Psicóloga, psicanalista e pesquisadora do IPUB

“Existe uma cultura, um discurso de que a depressão, considerada o mal do século, precisa ser tratada pela via medicamentosa. Por vezes, a medicação pode ajudar sim. Não existe nenhuma contraindicação, não deveria haver um combate a ela. A grande diferença da posição de um psicólogo, psicanalista, para a de um psiquiatra é que este acha que o uso de medicamentos será a solução, enquanto o psicólogo vê que não é, não considera que a causa real do sofrimento possa ser curada assim. Eu considero até que ela seja a causa de algo do sofrimento.

A melhor definição que existe para depressão é o sofrimento psíquico, é você se sentir impotente diante do mundo, das coisas. Se colocar na, como chamamos, posição de objeto diante do grandioso.

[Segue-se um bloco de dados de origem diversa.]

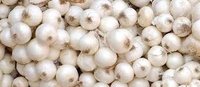 Silverskin Onion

A psicanálise e a psicologia apostam no tratamento pela palavra, na cura pela palavra. O tratamento é essa relação que esse sujeito tem com o mundo. Então, acho que o maior problema do psicanalista não é a medicação, mas a crença de que a medicação vai solucionar o caso. Como se uma palavra mágica fosse resolver o problema.

Para o tratamento, efetivamente, não faz diferença. Qualquer psicólogo sabe que existem pessoas que tomam remédio e as que não tomam. Nada disso vai afetar o tratamento. Mais uma vez, o que afetará é a crença de que a medicação vai solucionar o problema, sem olhar de fato para as questões internas do paciente.”